Want to learn how to make Kimchee? This chef holds classes in Logan Square to pass on his family recipe

LOGAN SQUARE — Korean-American home chef Haejung Kim has hosted kimchee-making classes in Los Angeles for years, sharing his family’s recipe with anyone who wants to learn — and now she’s bringing them to Logan Square.

During the class, students learn how to prepare cabbage for kimchee, chop the ingredients, and make a spicy paste that mixes together at the end. They leave class with a quart-sized pot of homemade kimchee and the knowledge they need to make it themselves, Kim said.

Kim’s first class in Chicago will be on September 24 from 10 a.m. to noon at 1825 N. California Ave. You can register online here for $65. The seats are limited. Information about future classes will be shared on his Instagram.

Kim provides all the utensils and ingredients she buys the night before or the morning of a class. In addition, it offers Korean snacks. She only asks that students bring their own aprons, she said.

Kim walks students through every step and every ingredient, and she lets them know where they can get it all on their own.

“When I looked around, no one else is teaching a kimchee class in Chicago,” she said. “If someone wants to learn, there’s really no one else teaching it.”

Kim grew up making kimchee with her family on her grandmother’s farm in Korea, and the food gives her a “nostalgic feeling,” she said.

“They used to bury it in the soil at my grandmother’s farm to slowly ferment in the winter,” said Kim, 48. “I just have a lot of fond memories of cooking with my aunts and my grandmother.”

Kim’s classes will be “very intimate and warm” as they will be held in her home with a maximum of six people.

“Most people can look online and get a recipe. But with ingredients you don’t know, it really helps to have someone guide you through the process,” she said. “Kimchee could be one of those things.”

Kim asked her mother to teach her how to make kimchee about 10 years ago. She would also invite friends over to practice making kimchee, which led to more formal classes at her home and at a communal kitchen in Los Angeles.

Kim moved to Chicago about a month ago and wants to continue her job.
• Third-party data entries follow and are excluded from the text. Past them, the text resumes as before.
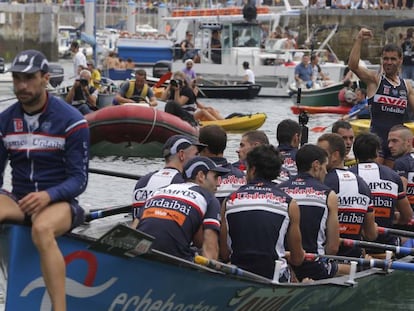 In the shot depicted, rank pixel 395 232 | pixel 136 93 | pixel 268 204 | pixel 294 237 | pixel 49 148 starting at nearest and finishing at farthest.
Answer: pixel 49 148 < pixel 268 204 < pixel 294 237 < pixel 395 232 < pixel 136 93

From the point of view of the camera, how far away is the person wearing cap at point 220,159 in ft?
32.0

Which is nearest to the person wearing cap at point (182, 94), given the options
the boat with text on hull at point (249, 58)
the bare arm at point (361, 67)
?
the bare arm at point (361, 67)

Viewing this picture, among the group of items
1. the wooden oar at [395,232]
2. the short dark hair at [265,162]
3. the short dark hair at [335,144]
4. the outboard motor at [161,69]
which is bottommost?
the outboard motor at [161,69]

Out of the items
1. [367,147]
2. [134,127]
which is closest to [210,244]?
[367,147]

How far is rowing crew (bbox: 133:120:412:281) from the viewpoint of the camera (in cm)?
800

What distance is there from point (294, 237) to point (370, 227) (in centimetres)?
159

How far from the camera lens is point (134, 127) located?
20.4m

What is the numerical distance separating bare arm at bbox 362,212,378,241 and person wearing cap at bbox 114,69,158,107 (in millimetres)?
11915

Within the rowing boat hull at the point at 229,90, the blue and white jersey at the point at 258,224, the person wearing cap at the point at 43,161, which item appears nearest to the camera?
the person wearing cap at the point at 43,161

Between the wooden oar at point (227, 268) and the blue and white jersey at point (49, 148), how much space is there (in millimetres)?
979

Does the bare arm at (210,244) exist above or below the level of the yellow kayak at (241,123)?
above

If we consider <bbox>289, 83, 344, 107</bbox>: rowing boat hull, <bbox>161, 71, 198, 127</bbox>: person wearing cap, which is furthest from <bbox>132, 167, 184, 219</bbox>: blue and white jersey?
<bbox>289, 83, 344, 107</bbox>: rowing boat hull

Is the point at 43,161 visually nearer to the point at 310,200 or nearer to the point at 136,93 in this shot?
the point at 310,200

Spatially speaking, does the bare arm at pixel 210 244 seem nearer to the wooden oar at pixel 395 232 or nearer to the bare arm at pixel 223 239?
the bare arm at pixel 223 239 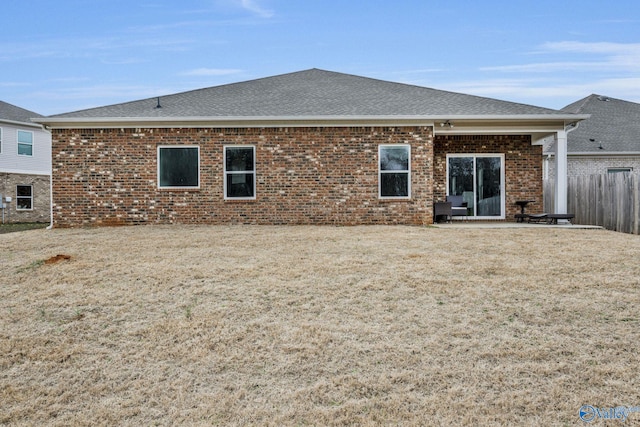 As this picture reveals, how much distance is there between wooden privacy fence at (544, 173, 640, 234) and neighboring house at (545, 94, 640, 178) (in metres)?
6.23

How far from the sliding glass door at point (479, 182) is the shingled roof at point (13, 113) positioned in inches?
805

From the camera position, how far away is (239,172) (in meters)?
13.2

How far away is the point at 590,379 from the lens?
12.4ft

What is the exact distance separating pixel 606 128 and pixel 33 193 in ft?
96.5

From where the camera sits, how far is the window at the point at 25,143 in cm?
2392

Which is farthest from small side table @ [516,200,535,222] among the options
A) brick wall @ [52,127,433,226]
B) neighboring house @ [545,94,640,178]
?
neighboring house @ [545,94,640,178]

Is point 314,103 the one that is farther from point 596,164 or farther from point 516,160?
point 596,164

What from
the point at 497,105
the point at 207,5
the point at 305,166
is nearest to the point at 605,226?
the point at 497,105

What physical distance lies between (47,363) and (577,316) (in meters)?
5.46

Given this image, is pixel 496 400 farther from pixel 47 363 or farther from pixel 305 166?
pixel 305 166

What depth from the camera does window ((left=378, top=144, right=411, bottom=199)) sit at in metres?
13.1

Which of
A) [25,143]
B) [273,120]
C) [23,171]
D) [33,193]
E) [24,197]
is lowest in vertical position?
[24,197]

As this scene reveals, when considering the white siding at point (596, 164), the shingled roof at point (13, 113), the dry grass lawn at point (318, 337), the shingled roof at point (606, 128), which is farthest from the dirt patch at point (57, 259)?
the shingled roof at point (606, 128)

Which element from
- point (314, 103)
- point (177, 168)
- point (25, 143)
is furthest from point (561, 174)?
point (25, 143) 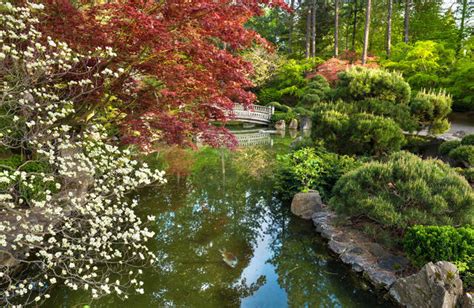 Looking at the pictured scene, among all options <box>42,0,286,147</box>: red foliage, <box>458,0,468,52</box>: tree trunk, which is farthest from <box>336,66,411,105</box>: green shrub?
<box>458,0,468,52</box>: tree trunk

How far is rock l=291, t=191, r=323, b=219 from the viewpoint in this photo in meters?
7.15

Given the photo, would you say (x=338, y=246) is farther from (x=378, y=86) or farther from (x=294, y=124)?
(x=294, y=124)

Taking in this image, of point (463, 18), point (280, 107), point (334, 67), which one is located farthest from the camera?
point (280, 107)

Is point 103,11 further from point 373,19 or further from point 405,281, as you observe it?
point 373,19

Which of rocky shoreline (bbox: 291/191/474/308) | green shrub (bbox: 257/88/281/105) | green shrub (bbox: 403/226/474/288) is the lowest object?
rocky shoreline (bbox: 291/191/474/308)

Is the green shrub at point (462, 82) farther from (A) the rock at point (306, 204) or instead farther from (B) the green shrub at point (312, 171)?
A: (A) the rock at point (306, 204)

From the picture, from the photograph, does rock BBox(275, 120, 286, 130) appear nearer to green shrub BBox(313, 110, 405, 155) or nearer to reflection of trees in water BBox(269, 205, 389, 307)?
green shrub BBox(313, 110, 405, 155)

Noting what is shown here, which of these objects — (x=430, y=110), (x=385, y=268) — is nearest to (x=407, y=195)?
(x=385, y=268)

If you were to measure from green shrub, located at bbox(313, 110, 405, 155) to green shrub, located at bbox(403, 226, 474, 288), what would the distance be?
13.4ft

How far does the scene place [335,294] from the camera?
15.1 ft

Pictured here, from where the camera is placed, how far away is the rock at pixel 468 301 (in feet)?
12.0

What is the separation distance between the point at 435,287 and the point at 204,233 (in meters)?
3.94

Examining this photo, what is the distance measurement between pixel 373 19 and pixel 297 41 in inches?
289

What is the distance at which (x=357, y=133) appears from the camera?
838cm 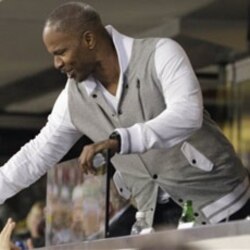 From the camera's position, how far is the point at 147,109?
20.0 feet

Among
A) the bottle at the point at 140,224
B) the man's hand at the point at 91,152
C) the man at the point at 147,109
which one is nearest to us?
the man's hand at the point at 91,152

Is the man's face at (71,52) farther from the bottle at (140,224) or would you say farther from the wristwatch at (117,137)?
the bottle at (140,224)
“I found this really cool thing that was passed on to me, and I just wanted to pass it on to other people,” Kim said. “When you cook ethnic foods, there is a blockage, a bump that you have to get over. And I kind of want to hold your hand and help you get over this hump if you have any curiosity about kimchee.
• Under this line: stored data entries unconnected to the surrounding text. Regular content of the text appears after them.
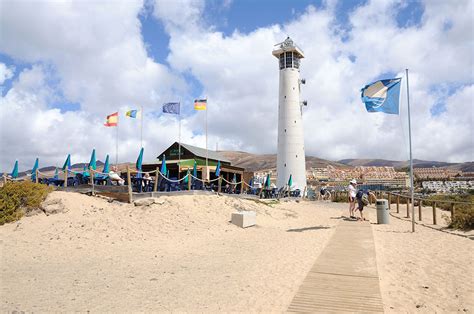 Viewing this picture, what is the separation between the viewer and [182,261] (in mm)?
8227

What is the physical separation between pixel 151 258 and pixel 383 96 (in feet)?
32.5

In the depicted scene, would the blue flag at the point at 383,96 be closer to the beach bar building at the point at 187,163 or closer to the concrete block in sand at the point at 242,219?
the concrete block in sand at the point at 242,219

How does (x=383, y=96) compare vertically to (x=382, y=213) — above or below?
above

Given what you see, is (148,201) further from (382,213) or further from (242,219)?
(382,213)

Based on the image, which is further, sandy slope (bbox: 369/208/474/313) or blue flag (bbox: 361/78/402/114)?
blue flag (bbox: 361/78/402/114)

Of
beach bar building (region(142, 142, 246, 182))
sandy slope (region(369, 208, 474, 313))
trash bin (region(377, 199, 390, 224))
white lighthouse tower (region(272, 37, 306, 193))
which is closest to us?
sandy slope (region(369, 208, 474, 313))

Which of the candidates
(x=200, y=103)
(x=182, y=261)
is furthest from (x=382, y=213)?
(x=200, y=103)

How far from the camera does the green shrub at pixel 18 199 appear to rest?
1174cm

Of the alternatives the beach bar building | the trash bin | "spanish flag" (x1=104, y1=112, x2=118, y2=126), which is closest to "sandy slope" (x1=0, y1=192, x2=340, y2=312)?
the trash bin

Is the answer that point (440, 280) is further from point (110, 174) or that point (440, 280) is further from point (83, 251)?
point (110, 174)

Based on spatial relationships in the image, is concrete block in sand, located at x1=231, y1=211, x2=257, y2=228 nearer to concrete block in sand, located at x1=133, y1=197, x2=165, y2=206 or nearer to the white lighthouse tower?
concrete block in sand, located at x1=133, y1=197, x2=165, y2=206

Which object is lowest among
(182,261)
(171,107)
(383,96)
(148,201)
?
(182,261)

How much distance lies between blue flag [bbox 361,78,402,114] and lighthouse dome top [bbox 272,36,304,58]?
2205 centimetres

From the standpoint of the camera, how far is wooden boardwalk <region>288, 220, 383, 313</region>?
4972mm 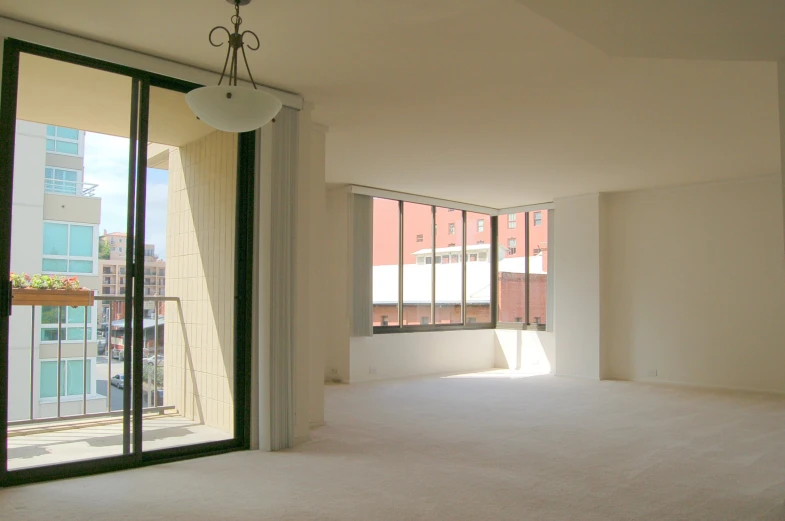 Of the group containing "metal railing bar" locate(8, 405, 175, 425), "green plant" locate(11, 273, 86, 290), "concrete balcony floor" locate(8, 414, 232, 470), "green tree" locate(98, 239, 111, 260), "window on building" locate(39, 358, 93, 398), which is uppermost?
"green tree" locate(98, 239, 111, 260)

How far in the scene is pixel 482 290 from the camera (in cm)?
1034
Kimchee is traditionally a community food. The Korean word “kimjang” describes the act of making and sharing kimchee with a group of people.

“That’s kind of the heart of the community aspect,” Kim said. “Doing it together and then giving it away.”

Learning to make kimchee is a craft, and it doesn’t happen the same way every time, Kim said. But once you learn how to do it, you can do it forever, she said.

“Some people like it fresher. Some people like to let it ferment longer,” she said. “The flavors will evolve. That’s the interesting thing too. It’s always a little bit different.